Vulnerability: A weakness or flaw in an asset or environment that a threat can exploit is called a vulnerability. For example, failing to password-protect your computer creates a vulnerability that may allow a threat to access documents stored on it.

Risk: The potential loss or damage that can result from a threat due to a vulnerability is called the risk. For example, if a threat shuts down your website, then the risk is the loss of revenue during and after the event.

Mitigation: The measures taken to reduce a risk to an asset is called mitigation. All mitigation actions reduce risk and change the threat. For example, using a password to protect access to your computer mitigates the risk of unauthorized access by a threat.

The key take-away here is that a risk can never be eliminated. Mitigation will always change the vulnerability, risk, and threat to an asset. For example, a computer protected by password is vulnerable to brute-force password cracking. This can be mitigated by a stronger password, but the computer will be vulnerable to unauthorized access through the security flaws in the operating system—and so on. Generally, a risk is mitigated only to the point where the cost of mitigation does not outweigh the risk itself. At that point, a risk is accepted instead of being mitigated.

While creating a security policy is an involved and time-consuming process, it can generally be broken down into five steps:

Step 1. Identify all assets that need to be protected.

Step 2. Identify risks and threats associated with each asset.

Step 3. Identify a risk mitigation strategy for each asset.

Step 4. Document and communicate findings to all stakeholders.

Step 5. Monitor and review continuously.

Depending on the size of the organization, the security policy can be one large document that covers all aspects, or it may be several individually focused policies. Because you are preparing for a Cisco exam, it is important to understand various areas of network security that should be part of a security policy, as defined by Cisco. With the definition of each policy, this chapter maps out Cisco products that help in implementing that policy to lay the groundwork for the later chapters. Remember that not every organization will have a need for all of these policies, and a security policy will not recommend a specific product because it is a high-level document. According to Cisco, the following areas of network security should be part of a security policy:

Network access control (NAC): A NAC policy defines how to control access to your network such that only the right person or device can get the right access at the right time. It also defines compliance requirements that devices should meet before access is granted. Identity Services Engine (ISE) is a Cisco product that can be used to implement this policy.
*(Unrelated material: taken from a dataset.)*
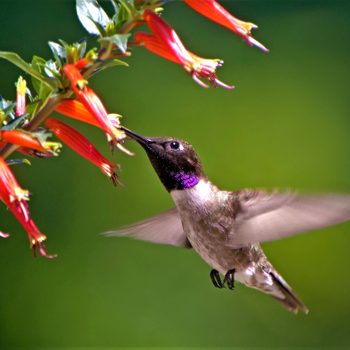 firecracker plant, Black-chinned hummingbird at vermillionaire cuphea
Antimalware: Malware is the primary threat vector in any network, so a policy to prevent, detect, and remediate malware is one of the most important security policies that an organization should have. Cisco’s Advanced Malware Protection (AMP) suite of products can be used to implement this policy.

Application security: Organizations require multiple applications to run their business. These applications may contain vulnerabilities that can be exploited. An application security policy defines the security requirements of these applications.

Behavioral analytics: This policy defines baselining and analytic requirements. Every network has baseline traffic patterns and user behavior. Malicious behavior can be identified by investigating deviations from the established baseline for any organization or network segment. The Stealthwatch product family from Cisco helps implement this policy.

Data loss prevention: Some information in any organization is meant for internal use only. Such data being sent outside the organization can cause irreparable harm. A data loss prevention policy defines the requirements around preventing loss of such data. Various Cisco security products, such as Web Security Appliance (WSA), Email Security Appliance (ESA), Firepower Next-Generation Firewall (NGFW), and Cloudlock can be used to implement this policy.

Email security: Email is the primary method of communication in and out of organizations. Email is also a primary threat vector for security breaches because it can facilitate phishing attacks as well as delivery of malware to the network. An email security policy defines acceptable use and security of email systems. Cisco ESA and Cloud Email Security combined with AMP can help implement this security policy.

Perimeter security: To meet operational requirements, the trusted internal network of an organization has to interface with untrusted networks such as the Internet or networks belonging to partners and vendors. A perimeter security policy defines how the perimeter of the trusted network is protected and how access is granted across to it. The Cisco Adaptive Security Appliance (ASA) and Firepower NFGW product families can be used to implement this policy.

Intrusion prevention: Intrusion refers to an active attempt to exploit a vulnerability or violate a policy in a network. An intrusion prevention policy defines the intrusion detection, prevention, and reporting requirements of the organization. Cisco Firepower Next-Generation IPS (NGIPS) and Firepower Next-Generation Firewall (NGFW) product families can help implement an intrusion prevention policy.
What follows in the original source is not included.